### Data extract
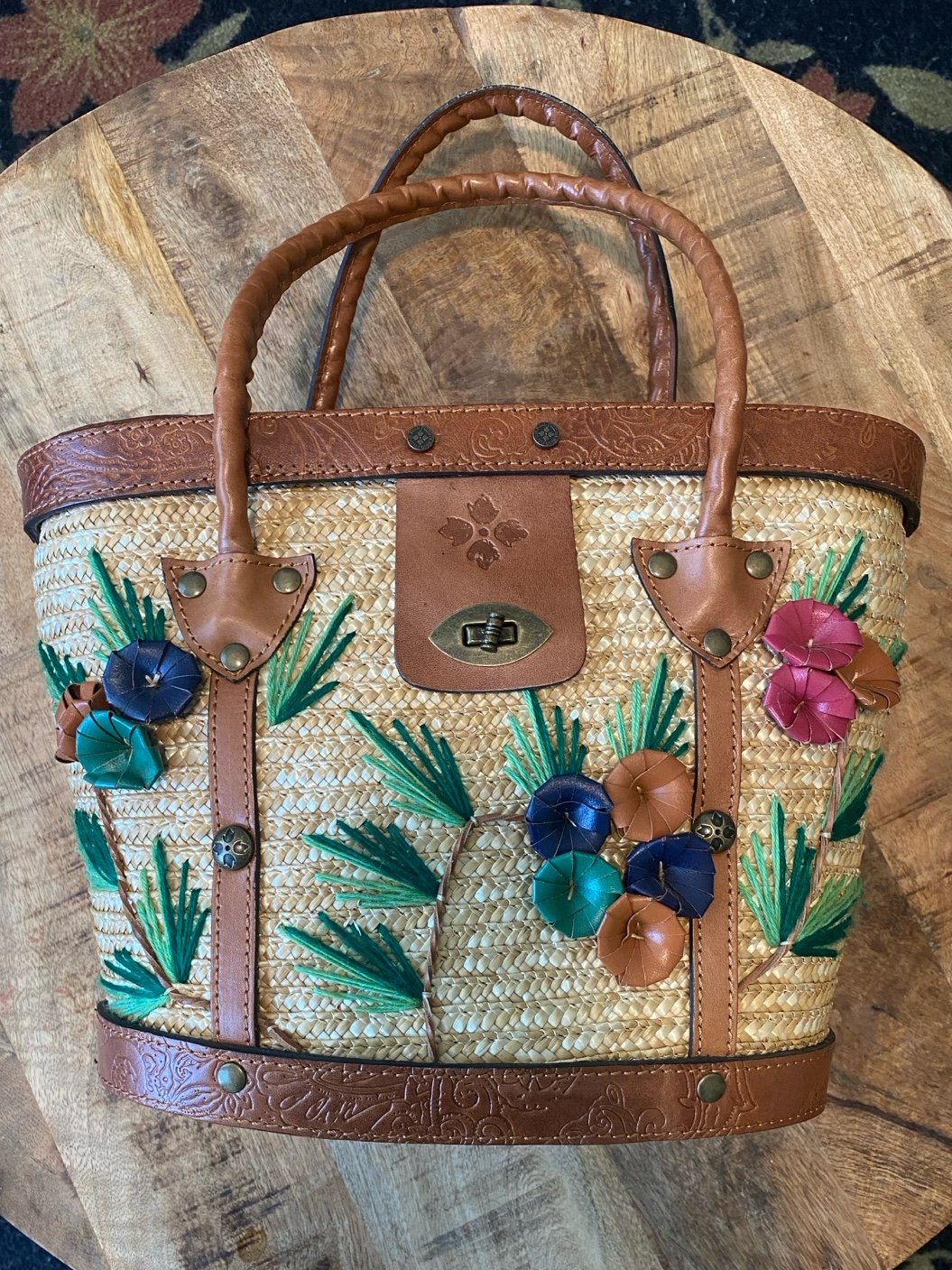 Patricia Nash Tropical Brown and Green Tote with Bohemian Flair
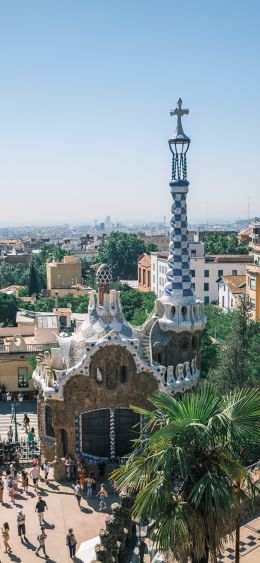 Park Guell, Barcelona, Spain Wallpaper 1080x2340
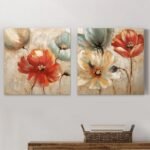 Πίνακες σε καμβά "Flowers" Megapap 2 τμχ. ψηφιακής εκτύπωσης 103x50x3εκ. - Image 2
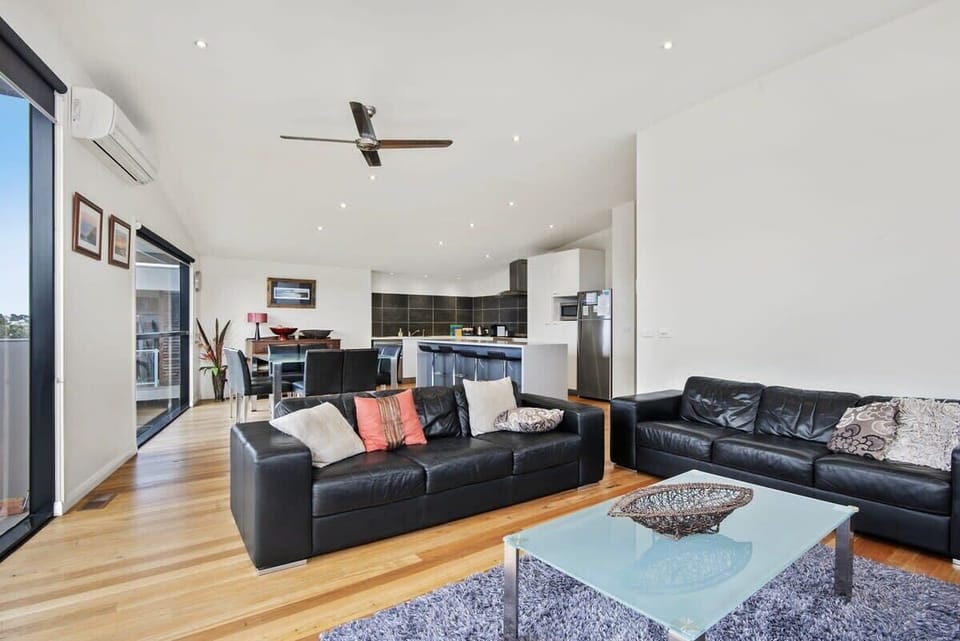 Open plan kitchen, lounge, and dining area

### Aim of the exercise
The span to retype runs from the line containing "Park Guell, Barcelona, Spain" through the last line of the listing above, both ends included; copy it exactly, without pictures.

### Response to this task
 Park Guell, Barcelona, Spain Wallpaper 1080x2340
 Πίνακες σε καμβά "Flowers" Megapap 2 τμχ. ψηφιακής εκτύπωσης 103x50x3εκ. - Image 2
 Open plan kitchen, lounge, and dining area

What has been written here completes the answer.